\bigskip
\textit{\textbf{Note:} This homework consists of two parts. The first part (questions 1-4) will be graded and will determine your score for this homework. The second part (questions 5-6) will be graded if you submit them, but will not affect your homework score in any way. You are strongly advised to attempt all the questions in the first part. You should attempt the problems in the second part only if you are interested and have time to spare.}
\rule{6in}{2px}
\begin{center}
For each problem, justify all your answers unless otherwise specified.
\end{center}
\section*{Part 1: Required Problems}
\bigskip
\Question{Probabilistic Bounds}
A random variable $X$ has variance $\Var{X} = 9$ and expectation $\Ex{X}=2$. Furthermore, the value of $X$ is never greater than $10$. Given this information, provide either a proof or a counterexample for the following statements.
\begin{Parts}
\Part $\Ex{X^2} = 13$.\label{markov-chebyshev-part-a}
\nosolspace{1cm}
\Part $\Pr[X = 2] > 0$.
\nosolspace{1cm}
\Part $\Pr[X \geq 2] = \Pr[X \leq 2]$.
\nosolspace{1cm}
\Part $\Pr[X \leq 1] \leq 8/9$.
\nosolspace{1cm}
\Part $\Pr[X \geq 6] \leq 9/16$.
\nosolspace{1cm}
% \Part $\Pr[X \geq 6] \leq 9/32$.
% \nosolspace{1cm}
\end{Parts}
\Question{Just One Tail, Please}
Let $X$ be some random variable with finite mean and variance which is not necessarily non-negative.

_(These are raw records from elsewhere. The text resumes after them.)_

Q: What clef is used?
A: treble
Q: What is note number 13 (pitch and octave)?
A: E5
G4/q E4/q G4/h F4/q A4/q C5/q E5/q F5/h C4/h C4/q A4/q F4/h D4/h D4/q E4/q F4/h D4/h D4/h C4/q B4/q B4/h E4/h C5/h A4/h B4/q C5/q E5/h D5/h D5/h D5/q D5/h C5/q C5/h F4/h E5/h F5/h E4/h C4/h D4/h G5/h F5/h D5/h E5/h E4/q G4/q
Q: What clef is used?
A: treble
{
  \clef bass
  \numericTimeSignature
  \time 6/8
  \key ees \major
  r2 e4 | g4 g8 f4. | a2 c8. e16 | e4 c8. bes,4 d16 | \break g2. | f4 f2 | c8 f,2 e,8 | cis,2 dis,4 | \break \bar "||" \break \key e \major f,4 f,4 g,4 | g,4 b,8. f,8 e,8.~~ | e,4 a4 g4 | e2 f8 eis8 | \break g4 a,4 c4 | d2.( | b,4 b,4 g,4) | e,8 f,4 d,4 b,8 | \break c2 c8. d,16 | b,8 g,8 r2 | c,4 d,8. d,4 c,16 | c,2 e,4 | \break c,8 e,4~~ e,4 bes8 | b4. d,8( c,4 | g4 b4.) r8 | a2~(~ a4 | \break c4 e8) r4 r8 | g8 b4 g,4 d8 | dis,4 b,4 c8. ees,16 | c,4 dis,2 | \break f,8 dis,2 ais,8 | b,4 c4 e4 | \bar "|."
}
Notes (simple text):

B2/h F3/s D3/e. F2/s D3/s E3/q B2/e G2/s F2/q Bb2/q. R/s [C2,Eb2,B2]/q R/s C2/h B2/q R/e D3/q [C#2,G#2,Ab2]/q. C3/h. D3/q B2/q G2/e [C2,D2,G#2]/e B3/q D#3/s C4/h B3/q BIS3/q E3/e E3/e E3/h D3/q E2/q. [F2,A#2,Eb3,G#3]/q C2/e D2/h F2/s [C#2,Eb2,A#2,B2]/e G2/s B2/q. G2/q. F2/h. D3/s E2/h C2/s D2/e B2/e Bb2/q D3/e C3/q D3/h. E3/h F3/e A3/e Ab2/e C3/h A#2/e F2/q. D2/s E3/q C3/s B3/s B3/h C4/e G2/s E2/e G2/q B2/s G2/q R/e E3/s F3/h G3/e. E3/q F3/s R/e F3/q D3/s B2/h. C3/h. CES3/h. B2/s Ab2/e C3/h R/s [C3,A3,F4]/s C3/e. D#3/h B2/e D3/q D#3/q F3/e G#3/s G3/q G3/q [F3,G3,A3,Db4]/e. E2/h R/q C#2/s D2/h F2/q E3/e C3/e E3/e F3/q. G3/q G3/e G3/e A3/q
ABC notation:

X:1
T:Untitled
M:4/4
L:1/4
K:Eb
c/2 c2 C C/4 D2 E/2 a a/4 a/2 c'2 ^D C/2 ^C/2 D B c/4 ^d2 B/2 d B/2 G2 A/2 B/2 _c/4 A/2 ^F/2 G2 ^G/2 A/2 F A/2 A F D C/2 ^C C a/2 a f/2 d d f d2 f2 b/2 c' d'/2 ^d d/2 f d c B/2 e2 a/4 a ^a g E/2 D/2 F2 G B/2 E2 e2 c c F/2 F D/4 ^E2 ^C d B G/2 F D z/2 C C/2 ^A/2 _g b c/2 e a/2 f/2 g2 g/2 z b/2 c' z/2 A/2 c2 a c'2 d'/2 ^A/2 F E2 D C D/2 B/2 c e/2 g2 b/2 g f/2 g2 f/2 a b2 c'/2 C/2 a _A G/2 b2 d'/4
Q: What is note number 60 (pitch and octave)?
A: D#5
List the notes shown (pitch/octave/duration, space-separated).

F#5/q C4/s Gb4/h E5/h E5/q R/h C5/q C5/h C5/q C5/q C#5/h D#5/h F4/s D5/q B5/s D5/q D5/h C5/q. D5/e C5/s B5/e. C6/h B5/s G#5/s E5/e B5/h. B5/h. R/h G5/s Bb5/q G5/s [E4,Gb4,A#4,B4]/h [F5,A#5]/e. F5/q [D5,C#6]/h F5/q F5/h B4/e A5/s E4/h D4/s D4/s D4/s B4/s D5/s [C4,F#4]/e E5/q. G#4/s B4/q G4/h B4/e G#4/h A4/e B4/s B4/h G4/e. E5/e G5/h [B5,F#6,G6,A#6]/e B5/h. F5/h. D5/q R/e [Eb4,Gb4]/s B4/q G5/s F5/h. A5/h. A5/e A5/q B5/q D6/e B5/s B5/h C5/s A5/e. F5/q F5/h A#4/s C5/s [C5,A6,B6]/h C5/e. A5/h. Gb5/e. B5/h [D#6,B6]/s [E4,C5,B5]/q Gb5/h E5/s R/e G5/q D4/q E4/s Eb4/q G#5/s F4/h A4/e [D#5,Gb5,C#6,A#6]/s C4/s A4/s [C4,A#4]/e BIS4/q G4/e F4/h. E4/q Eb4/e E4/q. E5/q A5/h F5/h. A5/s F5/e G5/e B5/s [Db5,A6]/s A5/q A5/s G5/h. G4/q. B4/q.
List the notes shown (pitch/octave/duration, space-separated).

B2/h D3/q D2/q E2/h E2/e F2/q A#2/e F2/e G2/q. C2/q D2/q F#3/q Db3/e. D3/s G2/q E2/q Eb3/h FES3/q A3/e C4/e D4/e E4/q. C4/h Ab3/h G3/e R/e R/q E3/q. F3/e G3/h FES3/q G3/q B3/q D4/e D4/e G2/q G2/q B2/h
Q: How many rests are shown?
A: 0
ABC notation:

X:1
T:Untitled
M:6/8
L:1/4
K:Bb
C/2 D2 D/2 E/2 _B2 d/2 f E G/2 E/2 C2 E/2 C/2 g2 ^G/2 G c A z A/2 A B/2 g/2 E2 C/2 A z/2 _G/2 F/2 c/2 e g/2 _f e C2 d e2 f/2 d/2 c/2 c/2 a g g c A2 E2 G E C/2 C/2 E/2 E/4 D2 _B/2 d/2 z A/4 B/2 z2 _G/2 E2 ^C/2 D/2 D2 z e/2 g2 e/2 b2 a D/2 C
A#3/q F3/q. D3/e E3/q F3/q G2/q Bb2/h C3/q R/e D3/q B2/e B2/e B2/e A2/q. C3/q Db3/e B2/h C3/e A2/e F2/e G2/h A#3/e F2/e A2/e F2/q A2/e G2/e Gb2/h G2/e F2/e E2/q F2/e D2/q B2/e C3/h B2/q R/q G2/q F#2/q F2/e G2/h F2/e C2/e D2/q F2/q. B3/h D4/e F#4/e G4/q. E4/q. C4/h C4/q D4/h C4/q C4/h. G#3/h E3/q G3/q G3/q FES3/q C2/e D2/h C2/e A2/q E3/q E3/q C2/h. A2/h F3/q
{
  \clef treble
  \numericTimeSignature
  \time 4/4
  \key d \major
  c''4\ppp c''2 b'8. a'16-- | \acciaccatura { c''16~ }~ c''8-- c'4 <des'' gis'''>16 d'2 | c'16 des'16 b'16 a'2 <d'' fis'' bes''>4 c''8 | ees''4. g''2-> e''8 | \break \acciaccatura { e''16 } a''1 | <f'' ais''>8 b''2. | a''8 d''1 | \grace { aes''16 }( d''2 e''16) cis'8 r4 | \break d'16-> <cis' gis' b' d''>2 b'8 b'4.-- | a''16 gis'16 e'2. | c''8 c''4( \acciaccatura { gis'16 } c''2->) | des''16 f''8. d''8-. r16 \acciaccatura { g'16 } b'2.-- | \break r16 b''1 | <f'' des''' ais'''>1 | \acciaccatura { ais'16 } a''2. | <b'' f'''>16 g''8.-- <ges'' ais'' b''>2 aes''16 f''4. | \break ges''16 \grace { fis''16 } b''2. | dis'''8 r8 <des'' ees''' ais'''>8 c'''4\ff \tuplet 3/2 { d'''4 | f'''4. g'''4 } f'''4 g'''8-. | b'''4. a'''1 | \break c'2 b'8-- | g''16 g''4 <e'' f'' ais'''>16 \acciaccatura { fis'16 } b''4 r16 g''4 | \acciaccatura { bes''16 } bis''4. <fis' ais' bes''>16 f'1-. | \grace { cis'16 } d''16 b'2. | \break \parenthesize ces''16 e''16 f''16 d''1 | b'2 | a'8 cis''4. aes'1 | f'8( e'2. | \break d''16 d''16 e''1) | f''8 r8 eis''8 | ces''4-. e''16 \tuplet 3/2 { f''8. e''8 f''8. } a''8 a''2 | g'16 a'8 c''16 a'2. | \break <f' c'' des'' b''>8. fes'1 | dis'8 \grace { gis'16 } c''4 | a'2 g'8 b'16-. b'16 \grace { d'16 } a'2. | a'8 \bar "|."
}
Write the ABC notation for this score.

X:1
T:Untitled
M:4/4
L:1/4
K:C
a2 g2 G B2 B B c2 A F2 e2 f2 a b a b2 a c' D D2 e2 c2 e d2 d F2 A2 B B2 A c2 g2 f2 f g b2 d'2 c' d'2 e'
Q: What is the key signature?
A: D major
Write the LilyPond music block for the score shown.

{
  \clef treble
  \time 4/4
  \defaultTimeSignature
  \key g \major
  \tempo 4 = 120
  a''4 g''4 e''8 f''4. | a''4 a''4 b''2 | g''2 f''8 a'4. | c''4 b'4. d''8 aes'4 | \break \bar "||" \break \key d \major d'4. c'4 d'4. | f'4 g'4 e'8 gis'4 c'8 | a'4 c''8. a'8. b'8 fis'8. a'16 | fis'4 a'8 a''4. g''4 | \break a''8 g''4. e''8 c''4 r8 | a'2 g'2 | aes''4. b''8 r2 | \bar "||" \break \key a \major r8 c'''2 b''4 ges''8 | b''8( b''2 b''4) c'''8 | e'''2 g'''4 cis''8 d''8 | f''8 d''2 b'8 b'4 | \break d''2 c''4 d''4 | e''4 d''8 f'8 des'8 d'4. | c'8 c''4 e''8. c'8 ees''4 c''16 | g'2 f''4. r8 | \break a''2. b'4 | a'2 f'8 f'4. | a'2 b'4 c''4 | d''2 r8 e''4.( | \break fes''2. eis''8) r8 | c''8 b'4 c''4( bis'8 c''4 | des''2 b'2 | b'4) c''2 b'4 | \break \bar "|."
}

The \textit{extended} version of Markov's Inequality states that for a non-negative, monotonically increasing function $\phi(X)$ and $\alpha > 0$, $$\Pr(X \geq \alpha) \leq \frac{\E[\phi(X))]}{\phi(\alpha)}$$
Suppose $\E[X] = 0$, $\var(X) = \sigma^2 < \infty$, and $\alpha > 0$.
\begin{Parts}
\Part Use the extended version of Markov's Inequality stated above with $\phi(x) = (x+c)^2$, where $c$ is some constant, to show that:
$$
\Pr(X \geq \alpha) \le \frac{\sigma^2 + c^2}{(\alpha + c)^2}
$$
\Part
Note that the above bound applies for all positive $c$, so we can choose a value of $c$ to minimize the expression, yielding the best possible bound.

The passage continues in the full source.